“Surat Cinta Dari Iberia” merupakan sebuah kisah yang penuh emosi, menggambarkan perjalanan seorang pejuang Muslim dalam menjalani jihad di semenanjung Iberia. Pilihan penggunaan surat sebagai format cerita memberikan sentuhan pribadi, seakan-akan sang penulis, Said bin Khatibi, benar-benar berbicara kepada adiknya, Saidah.
Keberhasilan kisah ini terletak pada kemampuan penulis dalam menyajikan latar belakang sejarah dan perasaan tokoh utama. Deskripsi perjalanan peperangan, keputusan strategis Jendral Thariq, dan pertemuan dengan saudara Akmal memberikan kedalaman pada cerita. Rasanya, pembaca dapat merasakan keberatannya meninggalkan orang-orang yang dicintainya dan ketegangan saat berhadapan dengan pasukan Visigoth.
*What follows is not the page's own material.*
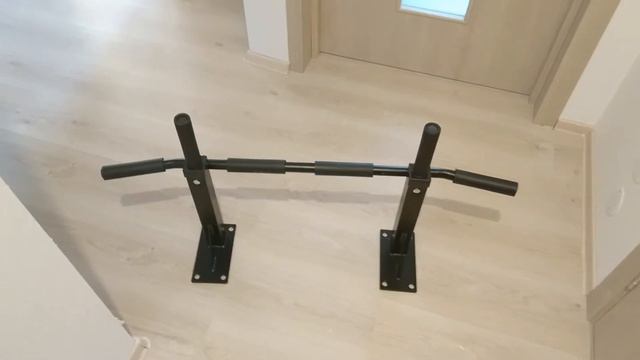 Мастер на час Екатеринбург  Монтаж полок Навеска шкафа в туалете Установка турника со сборкой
Namun, beberapa aspek dapat diperbaiki untuk meningkatkan kualitas cerita ini. Struktur kalimat pada beberapa bagian perlu diperhatikan agar lebih mudah dipahami. Beberapa kalimat yang terasa panjang bisa dibagi menjadi kalimat-kalimat yang lebih pendek untuk meningkatkan kelancaran membaca.
Selain itu, lebih banyak detail tentang karakter-karakter utama, terutama Akmal, dapat memberikan dimensi lebih pada cerita. Dengan lebih menggali karakter Akmal, pembaca dapat lebih terhubung dengan perasaan dan motivasinya.
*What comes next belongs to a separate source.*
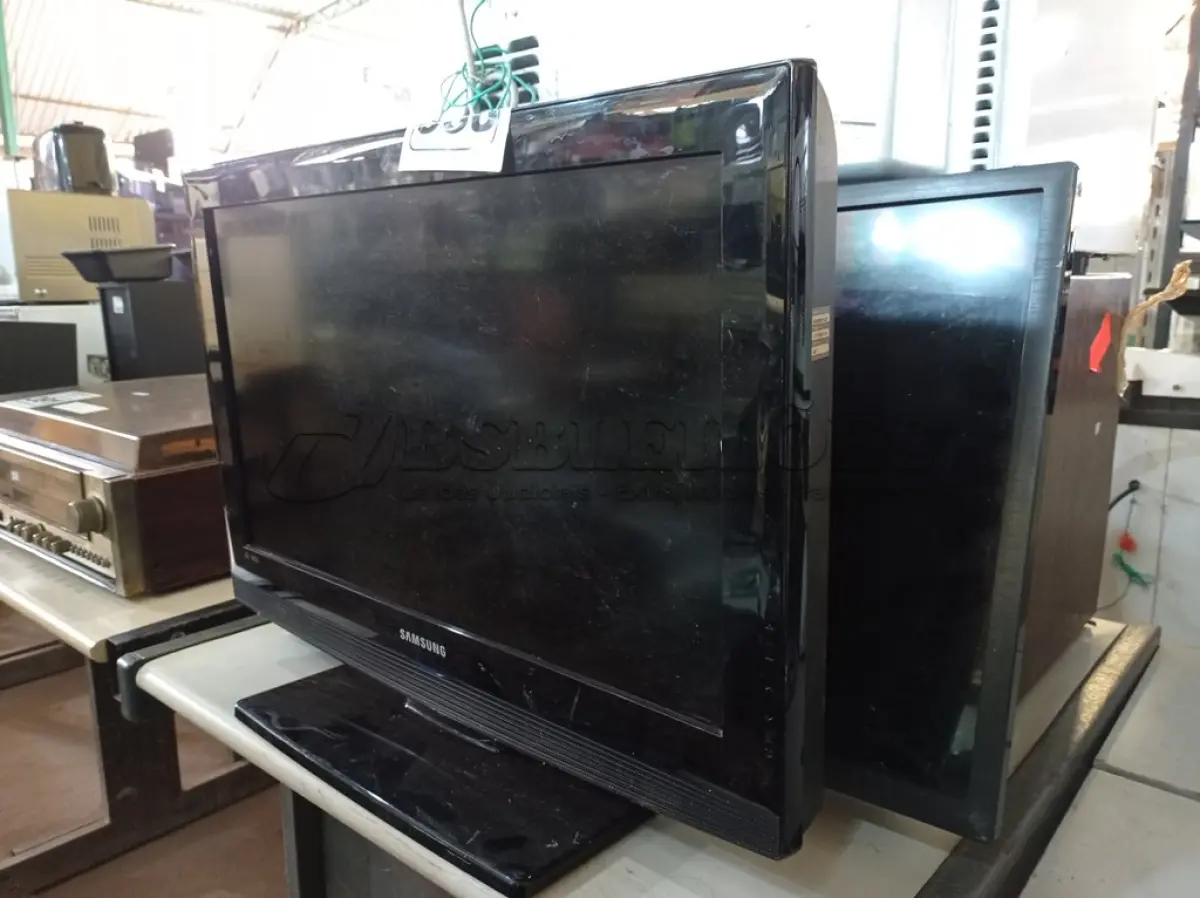 LOTE 388 - 02 TV’S MARCAS E MODELOS DIVERSOS PARA RETIRADA DE PEÇAS. (NO ESTADO) ATENÇÃO! FAZER A VISITAÇÃO ANTES DE ARREMATAR, NÃO SABEMOS SE FUNCIONA. LEILÃO NÃO TEM GARANTIA E NEM DEVOLUÇÃO, SUJEITO A POSSÍVEIS AVARIAS VISÍVEIS/OCULTAS E/OU AUSÊNCIA DE COMPONENTES.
Saran lainnya adalah memberikan lebih banyak konteks sejarah mengenai peperangan dan konflik di Iberia. Ini akan membantu pembaca yang kurang familiar dengan konteks sejarah tertentu untuk lebih memahami latar belakang cerita.
Kritik konstruktif lainnya adalah peningkatan kelengkapan pemberian detail pada bagian terakhir surat. Misalnya, sebaiknya dijelaskan lebih lanjut mengenai bagaimana Said bin Khatibi terluka dan memberikan gambaran tentang kondisinya. Hal ini akan memberikan dampak emosional yang lebih kuat bagi pembaca.
Secara keseluruhan, “Surat untuk Saidah” adalah cerita yang memukau dan penuh dengan nilai-nilai keislaman. Dengan memperhatikan saran-saran di atas, cerita ini memiliki potensi untuk menjadi karya yang lebih kuat dan mendalam.